Le mot adiaphoron signifie « les choses indifférentes ». Il s’agit à l’origine d’un concept stoïcien utilisé pour indiquer les choses neutres moralement, c’est-à-dire les choses qui ne sont ni prescrites ni interdites.

Le ministère pastorale relève de l’essence de l’Église : pas de ministère pastoral, pas d’Église !

Un pasteur du Désert, après la révocation de l’Édit de Nantes.

Nos Confessions de Foi

Cette affirmation fondamentale est attestée très clairement par les Confessions de Foi de la Réforme. Pour n’en mentionner que deux, voici ce que dit la Seconde Confession Helvétique (rédigée par Heinrich Bullinger), ainsi que la Confession de Foi de La Rochelle, qui est de la plume de Calvin :

Dieu a toujours employé des ministres pour rassembler ou établir son Église, pour la gouverner et la conserver. Il fait de même aujourd’hui encore, et il agira ainsi aussi longtemps que l’Église sera sur la terre. L’origine, l’institution et les fonctions des ministres sont donc anciennes ; elles remontent à Dieu lui-même et non à une institution nouvelle ou humaine.
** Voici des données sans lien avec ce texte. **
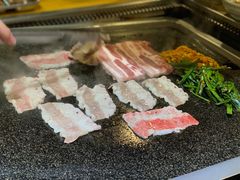 -金顺韩式烤肉·网红烤肉店(广利路店)
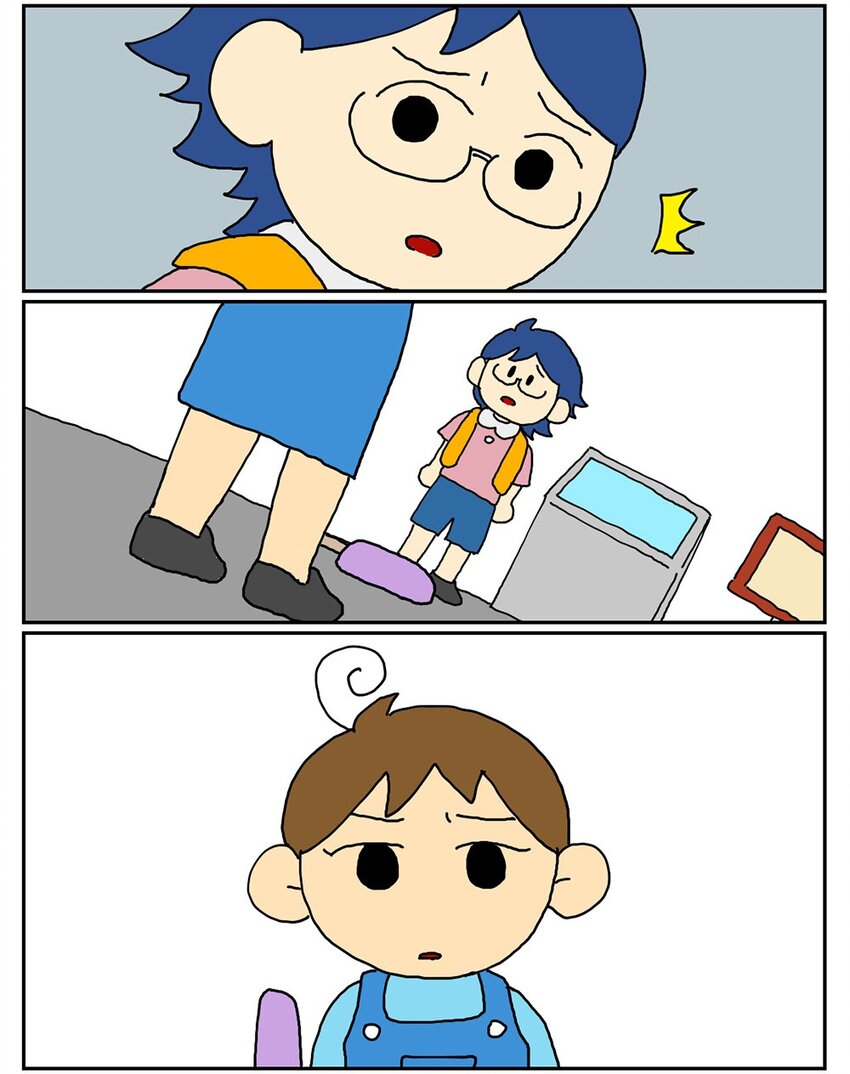 07 我的同桌是魔法师，驾着南瓜马车载我去高考！34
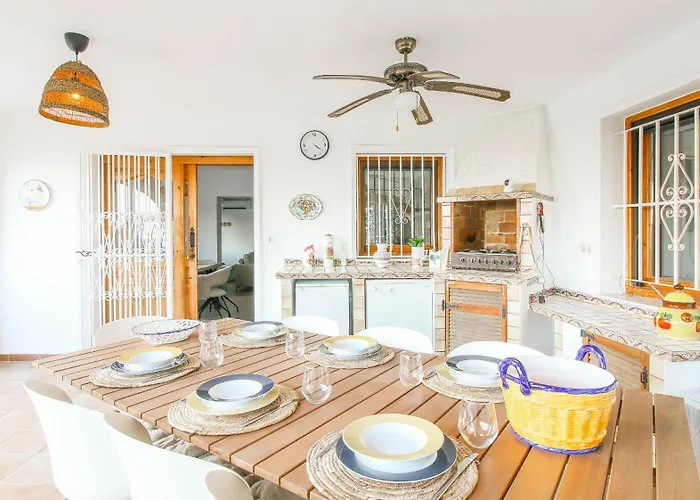 Villa San Juan Hp 8p By Carlosferien *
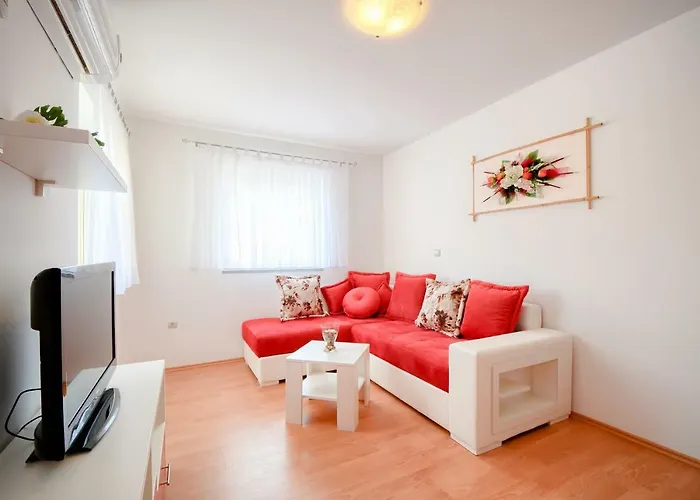 Apartments Dario
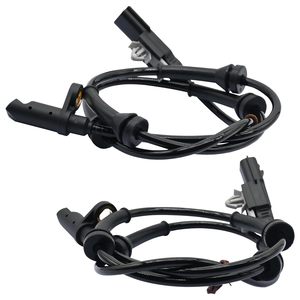 Juego de 2 Sensores de Velocidad de Rueda ABS Compatibles con Modelos Nissan - <span class=keywords><strong>Rogue</strong></span> 2014-2017 Lado Trasero del Conductor y del Pasajero 47900-4CL2A - Product Image 1
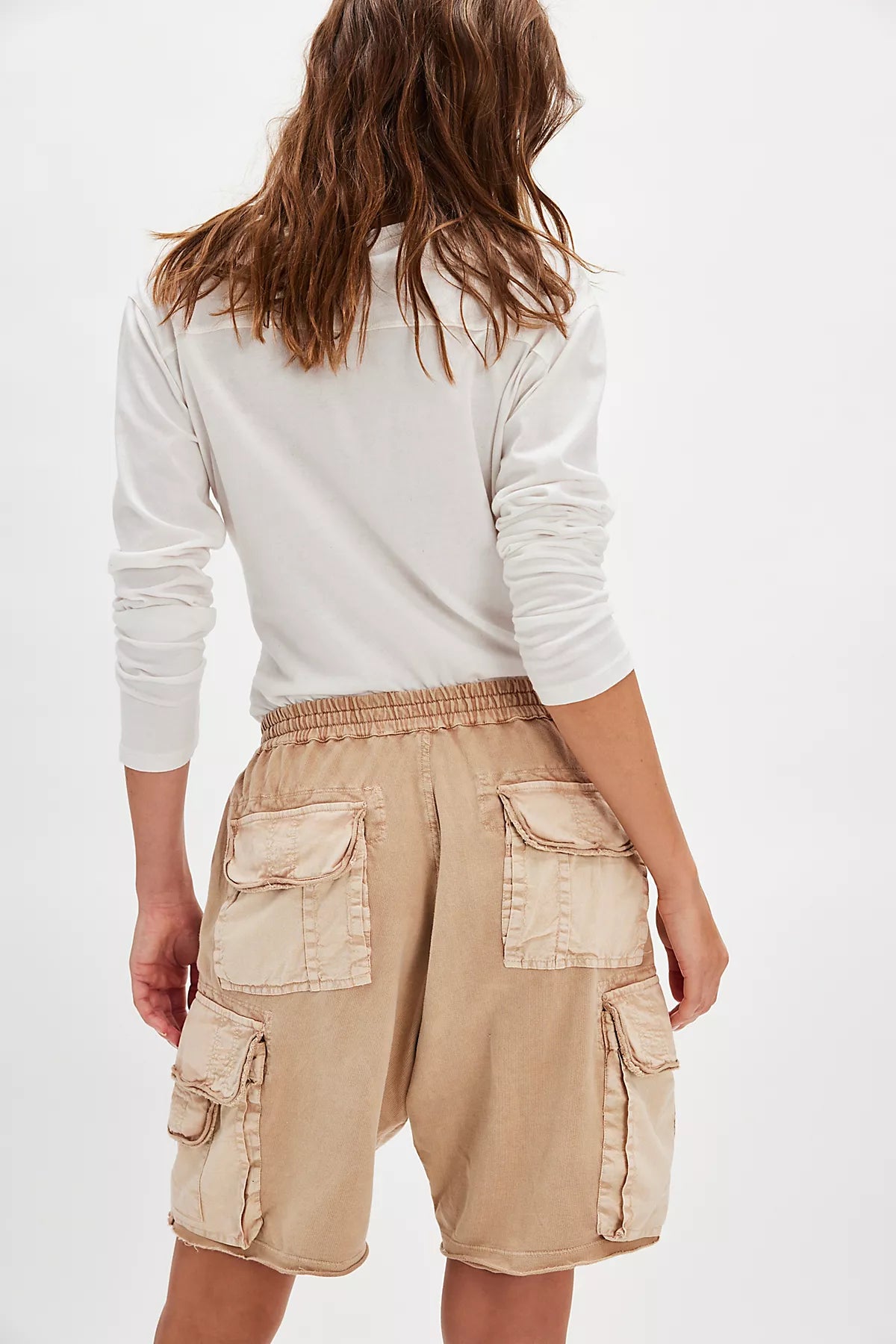 FP One Beck Shorts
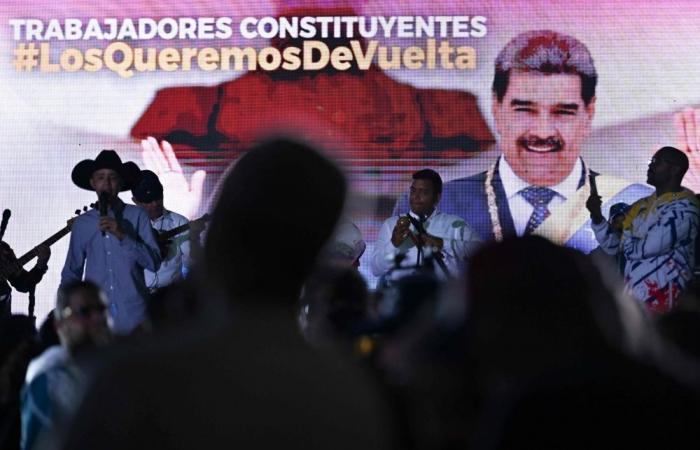 Venezuela after Maduro: What’s changed under interim leader Delcy Rodriguez?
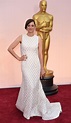 MARION COTILLARD at 87th Annual Academy Awards at the Dolby Theatre in ...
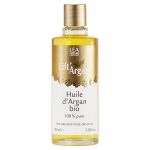 Lift Argan Organic Pure Argan Oil 100ml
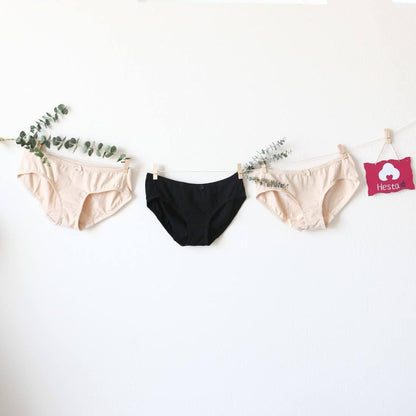 2-Pack Daily Comfort Women Underwear - NextMamas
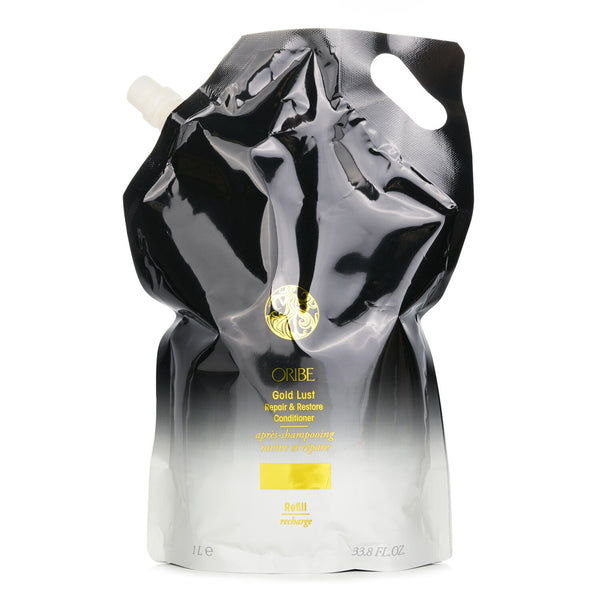 オリベ  Gold Lust Repair & Restore Conditioner (Liter Refill)   1000ml/33.8oz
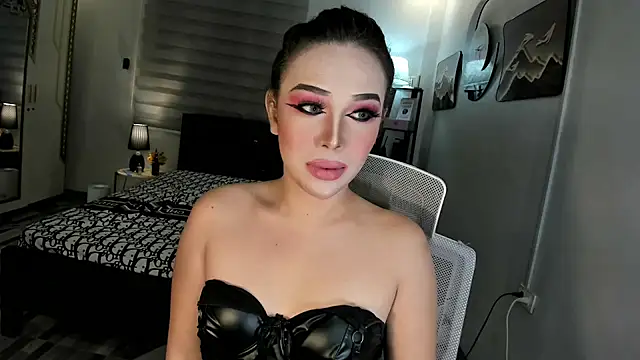 Lavinia NastyGoddess online show from October 18, 4:30 pm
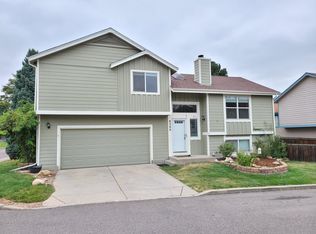 8260 Miller Ct, Arvada, CO 80005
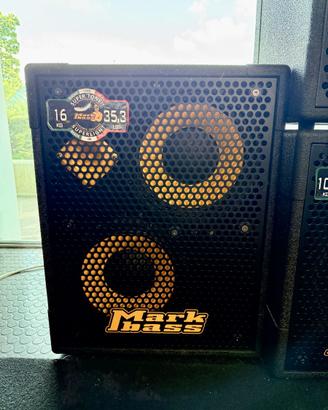 MARKBASS MB58R CMD102P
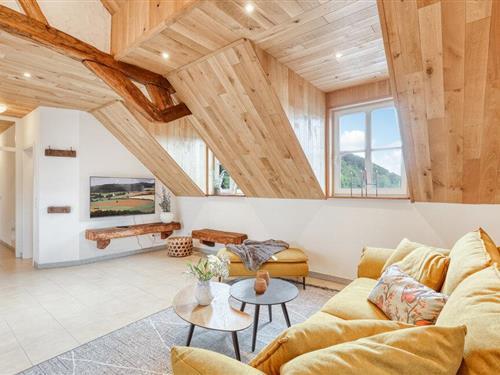 Ferielejlighed - 6 personer -  - Hauptstraße - Irrhausen - Eifel - 54689 - Irrhausen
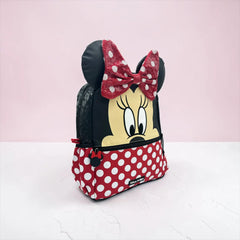 JUNIOR MINNIE BACKPACK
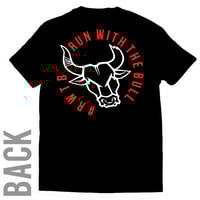 Image 2 of ISSUE. 001: The "Logo" Tee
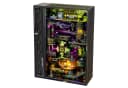 Futuristisches Cyberpunk Puzzle Bild 2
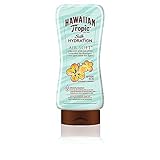 Hawaiian Tropic Silk Hydration Air Soft After Sun Lotion Coconut Papaya, 180 ml, 1 St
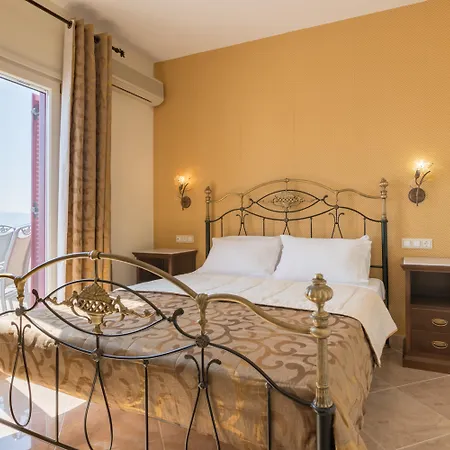 Ariadne איוס פרוקופיוס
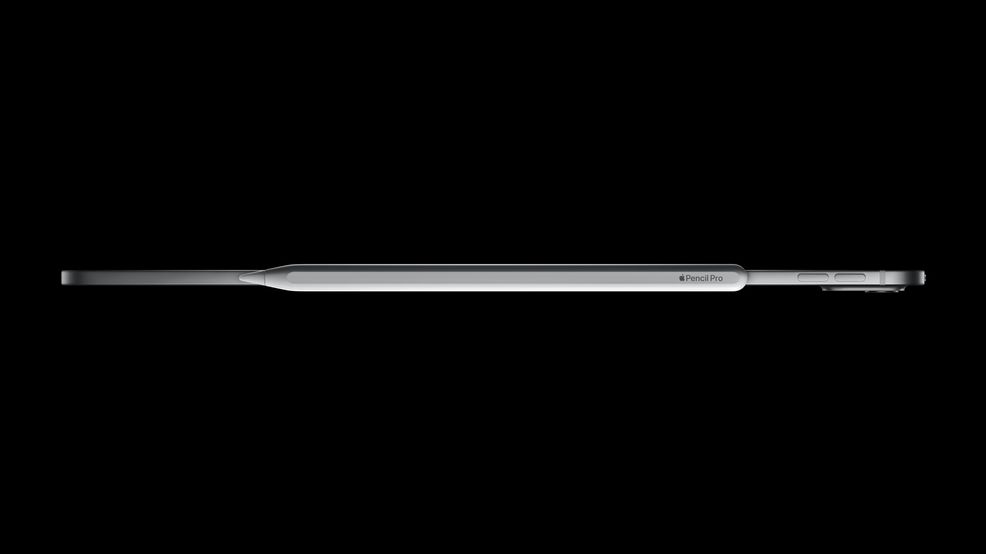 iPad Pro Apple Pencil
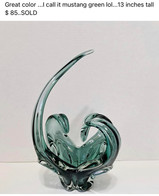 Lorraine Spike and Curl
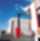Electric articulated mast lift Manitou 80 VJR (7.65 m)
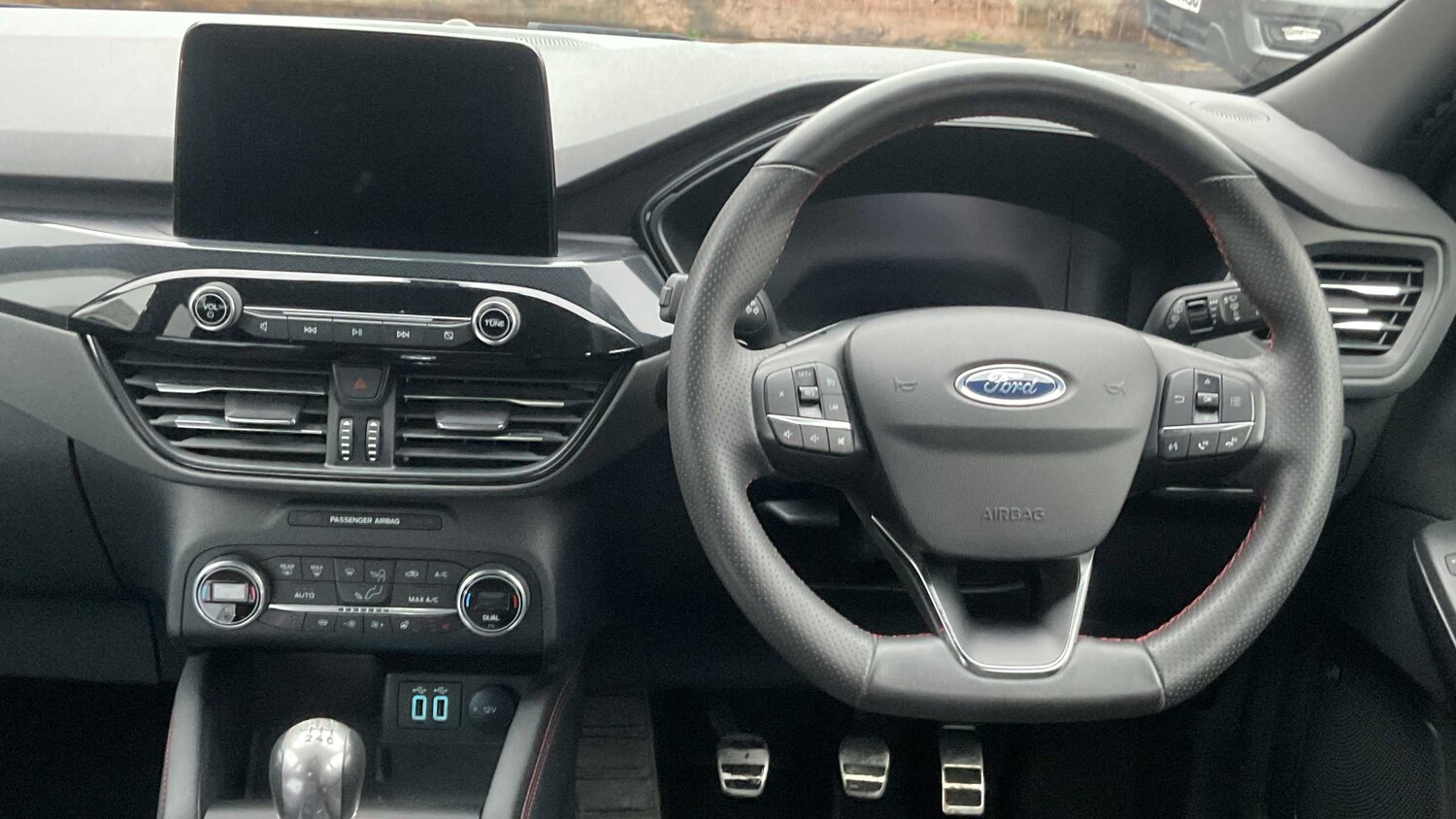 Used Ford Kuga 2021 for sale - 77526817: Photo 9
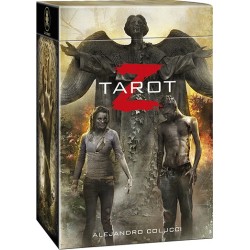 TAROT Z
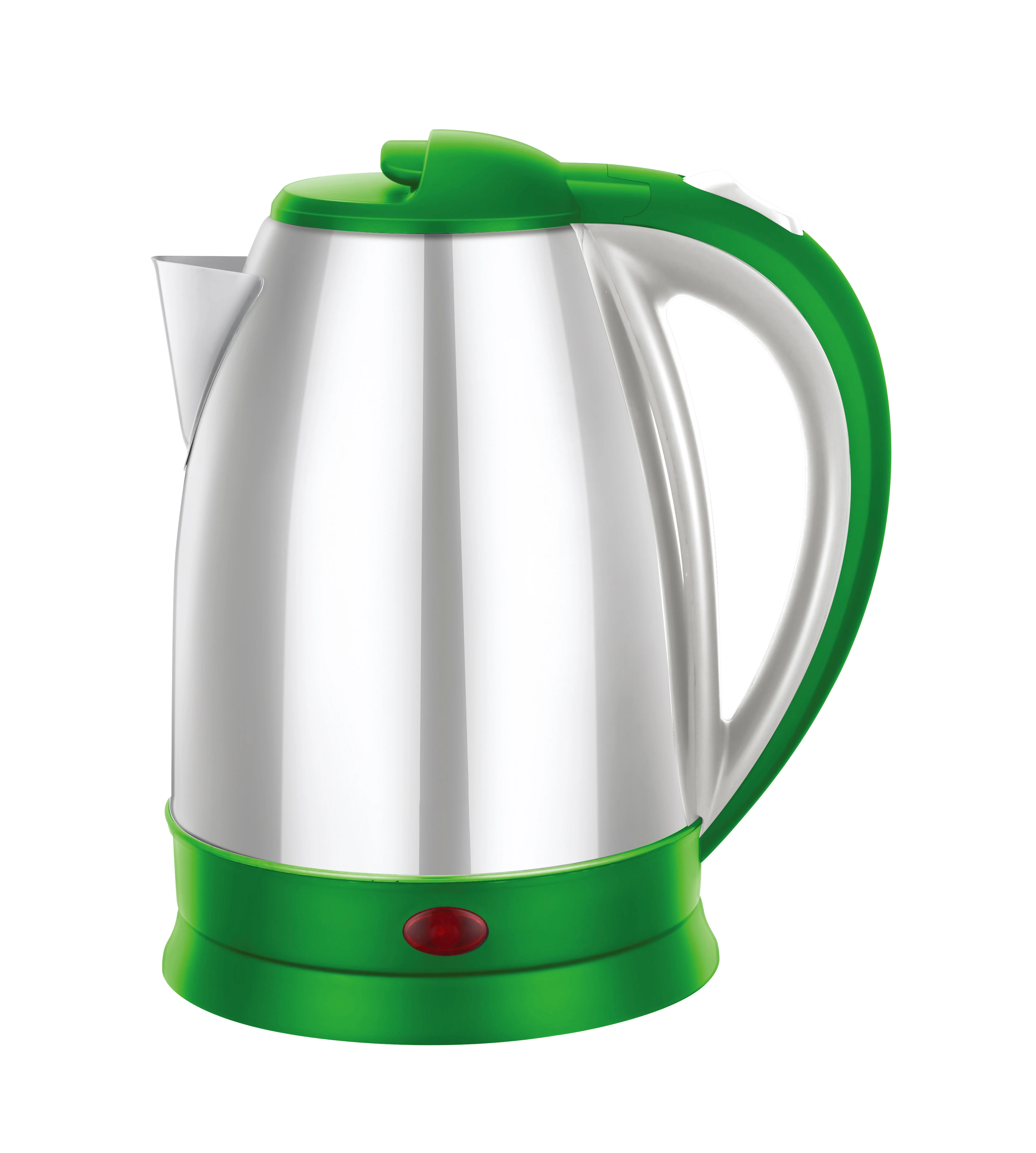 304 cheap cordless stainless steel SKD CKD 1.8L 1.5L 1500W electric kettle parts price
Dieu est certes capable, dans sa puissance, de rassembler une Église sans aucun moyen, mais il préfère agir à travers et par le ministère des hommes. Aussi les ministres ne doivent-ils pas être considérés pour eux-mêmes, mais comme des instruments par lesquels Dieu réalise le salut des hommes. Par conséquent, nous avertissons de ne pas attribuer notre conversion et notre instruction à la seule puissance secrète du Saint-Esprit, en évacuant le ministère de l’Église. Il convient de garder constamment à l’esprit les paroles de l’apôtre : « Comment croiront-ils en celui dont ils n’ont pas entendu parler ? Et comment entendront-ils parler de lui, sans prédicateurs ? Ainsi la foi vient de ce qu’on entend, et ce qu’on entend vient de la Parole du Christ. » (Rm 10.14, 17) Ou encore, ce que le Christ a dit dans l’Évangile : « En vérité, en vérité, je vous le dis, qui reçoit celui que j’aurai envoyé me reçoit, et qui me reçoit, reçoit celui qui m’a envoyé. » (Jn 13.20) Rappelons-nous aussi les supplications du Macédonien, apparaissant dans une vision à Paul alors que celui-ci était en Asie : « Passe en Macédoine, viens à notre secours ! » (Ac 16.9) Et le même apôtre dit ailleurs : « Car nous sommes ouvriers avec Dieu. Vous êtes le champ de Dieu, l’édifice de Dieu. » (1 Co 3.9) Cependant, il faut également prendre garde de ne pas attribuer aux ministres et au ministère une importance excessive, nous rappelant les paroles du Seigneur rapportées dans l’Évangile : « Nul ne peut venir à moi, si le Père qui m’a envoyé ne l’attire » (Jn 6.44) ; et les paroles de l’apôtre : « Qu’est-ce donc qu’Apollos, et qu’est-ce que Paul ? Des serviteurs par le moyen desquels vous avez cru, selon que le Seigneur l’a donné à chacun. J’ai planté, Apollos a arrosé, mais Dieu a fait croître. Ainsi ce n’est pas celui qui plante qui est quelque chose, ni celui qui arrose, mais Dieu qui fait croître. » (1 Co 3.5-7) Nous devons donc croire que Dieu nous enseigne sa Parole extérieurement par ses ministres, et qu’il meut intérieurement le cœur des élus par le Saint-Esprit en vue de la foi. De la sorte, toute la gloire de ce bienfait doit être rapportée à Dieu seul.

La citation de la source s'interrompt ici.